Task directions: State how many lines in these records contain the word "Calvin", and nothing else.

Data for the task:
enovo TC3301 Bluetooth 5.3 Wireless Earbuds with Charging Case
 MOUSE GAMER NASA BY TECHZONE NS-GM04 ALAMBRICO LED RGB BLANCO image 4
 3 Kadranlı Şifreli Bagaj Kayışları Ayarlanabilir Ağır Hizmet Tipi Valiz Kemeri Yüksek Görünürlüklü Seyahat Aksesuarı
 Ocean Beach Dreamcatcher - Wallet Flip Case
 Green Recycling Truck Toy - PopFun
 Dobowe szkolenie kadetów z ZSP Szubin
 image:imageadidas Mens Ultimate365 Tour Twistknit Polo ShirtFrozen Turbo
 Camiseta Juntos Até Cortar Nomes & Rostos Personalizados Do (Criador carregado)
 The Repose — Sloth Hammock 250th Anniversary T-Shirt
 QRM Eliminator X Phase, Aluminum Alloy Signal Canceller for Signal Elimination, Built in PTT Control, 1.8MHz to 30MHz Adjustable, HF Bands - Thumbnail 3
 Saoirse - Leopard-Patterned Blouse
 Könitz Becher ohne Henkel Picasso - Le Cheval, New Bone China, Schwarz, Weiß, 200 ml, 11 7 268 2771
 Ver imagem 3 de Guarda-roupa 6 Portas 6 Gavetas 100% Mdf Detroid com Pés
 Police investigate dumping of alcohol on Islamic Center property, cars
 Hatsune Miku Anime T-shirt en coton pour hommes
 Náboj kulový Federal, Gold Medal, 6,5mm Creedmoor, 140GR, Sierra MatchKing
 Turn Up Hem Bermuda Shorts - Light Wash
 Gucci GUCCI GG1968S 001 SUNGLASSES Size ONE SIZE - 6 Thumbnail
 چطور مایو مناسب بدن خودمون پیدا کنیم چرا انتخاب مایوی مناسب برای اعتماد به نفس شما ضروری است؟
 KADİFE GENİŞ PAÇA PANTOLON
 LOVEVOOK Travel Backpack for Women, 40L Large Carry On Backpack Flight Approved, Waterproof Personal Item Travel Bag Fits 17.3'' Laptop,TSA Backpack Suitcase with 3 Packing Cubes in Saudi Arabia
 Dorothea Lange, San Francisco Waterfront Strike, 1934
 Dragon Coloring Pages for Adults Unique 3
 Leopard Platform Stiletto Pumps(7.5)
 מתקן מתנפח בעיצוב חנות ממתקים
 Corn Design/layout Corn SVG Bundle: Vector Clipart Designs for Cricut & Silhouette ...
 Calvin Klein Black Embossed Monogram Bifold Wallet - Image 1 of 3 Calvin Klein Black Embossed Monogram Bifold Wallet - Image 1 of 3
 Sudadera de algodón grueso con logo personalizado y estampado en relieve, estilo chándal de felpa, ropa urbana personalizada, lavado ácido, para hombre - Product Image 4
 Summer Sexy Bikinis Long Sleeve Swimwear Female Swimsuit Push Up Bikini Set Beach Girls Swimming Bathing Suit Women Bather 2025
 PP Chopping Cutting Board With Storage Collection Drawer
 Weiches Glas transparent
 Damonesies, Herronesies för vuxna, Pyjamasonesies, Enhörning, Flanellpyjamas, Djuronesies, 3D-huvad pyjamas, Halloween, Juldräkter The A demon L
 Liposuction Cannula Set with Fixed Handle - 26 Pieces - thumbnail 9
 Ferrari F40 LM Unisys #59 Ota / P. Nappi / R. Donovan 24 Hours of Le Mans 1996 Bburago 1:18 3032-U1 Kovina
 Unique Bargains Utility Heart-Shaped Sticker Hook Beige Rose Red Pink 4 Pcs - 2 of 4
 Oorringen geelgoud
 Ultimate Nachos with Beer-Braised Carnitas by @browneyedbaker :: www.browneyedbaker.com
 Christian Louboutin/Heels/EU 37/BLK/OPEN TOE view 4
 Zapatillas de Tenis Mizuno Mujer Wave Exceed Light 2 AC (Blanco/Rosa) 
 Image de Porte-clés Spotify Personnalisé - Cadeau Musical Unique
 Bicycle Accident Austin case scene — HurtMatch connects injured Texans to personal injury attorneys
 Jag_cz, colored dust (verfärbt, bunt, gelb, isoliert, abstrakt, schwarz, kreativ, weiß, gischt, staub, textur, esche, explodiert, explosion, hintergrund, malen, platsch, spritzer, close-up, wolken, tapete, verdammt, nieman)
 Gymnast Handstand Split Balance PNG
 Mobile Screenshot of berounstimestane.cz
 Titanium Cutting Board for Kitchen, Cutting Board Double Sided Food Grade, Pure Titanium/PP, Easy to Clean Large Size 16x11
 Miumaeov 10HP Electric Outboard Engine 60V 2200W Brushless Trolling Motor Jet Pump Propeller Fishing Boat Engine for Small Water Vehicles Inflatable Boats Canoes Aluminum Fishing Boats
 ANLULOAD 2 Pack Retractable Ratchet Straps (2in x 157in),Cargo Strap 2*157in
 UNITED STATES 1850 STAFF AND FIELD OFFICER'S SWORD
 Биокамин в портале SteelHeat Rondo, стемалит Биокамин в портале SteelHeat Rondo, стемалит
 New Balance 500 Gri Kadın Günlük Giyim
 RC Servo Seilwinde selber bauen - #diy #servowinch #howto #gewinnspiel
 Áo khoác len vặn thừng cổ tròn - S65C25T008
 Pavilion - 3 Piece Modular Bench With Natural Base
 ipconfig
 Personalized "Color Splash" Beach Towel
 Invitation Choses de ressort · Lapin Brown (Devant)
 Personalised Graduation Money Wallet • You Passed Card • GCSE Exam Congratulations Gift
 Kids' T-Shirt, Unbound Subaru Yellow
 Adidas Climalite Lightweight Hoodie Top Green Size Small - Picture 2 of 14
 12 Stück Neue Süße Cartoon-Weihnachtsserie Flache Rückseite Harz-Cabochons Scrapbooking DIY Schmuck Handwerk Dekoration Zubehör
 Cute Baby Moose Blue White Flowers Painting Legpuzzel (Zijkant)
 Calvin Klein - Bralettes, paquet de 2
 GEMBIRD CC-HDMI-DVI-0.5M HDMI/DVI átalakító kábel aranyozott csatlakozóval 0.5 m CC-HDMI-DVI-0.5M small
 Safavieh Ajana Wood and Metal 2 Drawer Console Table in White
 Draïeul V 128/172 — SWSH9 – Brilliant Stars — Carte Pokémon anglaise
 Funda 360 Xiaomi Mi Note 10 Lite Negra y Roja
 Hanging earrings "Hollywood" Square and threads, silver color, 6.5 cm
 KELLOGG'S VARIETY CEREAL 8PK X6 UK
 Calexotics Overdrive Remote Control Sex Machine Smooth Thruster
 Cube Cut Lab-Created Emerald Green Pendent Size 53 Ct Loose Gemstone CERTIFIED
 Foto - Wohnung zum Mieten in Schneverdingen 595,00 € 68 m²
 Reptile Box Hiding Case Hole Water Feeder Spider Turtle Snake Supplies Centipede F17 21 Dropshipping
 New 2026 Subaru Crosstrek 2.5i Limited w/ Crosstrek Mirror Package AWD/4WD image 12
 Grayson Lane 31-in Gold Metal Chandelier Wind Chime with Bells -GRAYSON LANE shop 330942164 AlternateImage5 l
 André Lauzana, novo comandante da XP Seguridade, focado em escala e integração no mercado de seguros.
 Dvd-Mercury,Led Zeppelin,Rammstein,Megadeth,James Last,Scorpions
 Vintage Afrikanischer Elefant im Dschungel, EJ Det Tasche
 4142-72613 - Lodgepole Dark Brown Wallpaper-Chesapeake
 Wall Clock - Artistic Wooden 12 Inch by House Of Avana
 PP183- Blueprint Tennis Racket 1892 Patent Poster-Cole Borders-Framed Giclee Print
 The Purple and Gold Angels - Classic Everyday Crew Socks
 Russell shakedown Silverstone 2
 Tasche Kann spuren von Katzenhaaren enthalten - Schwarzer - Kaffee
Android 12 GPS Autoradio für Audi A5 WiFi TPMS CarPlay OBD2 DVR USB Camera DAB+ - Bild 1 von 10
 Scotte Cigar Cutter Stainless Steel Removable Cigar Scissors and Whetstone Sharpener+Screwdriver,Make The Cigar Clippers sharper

Response: 2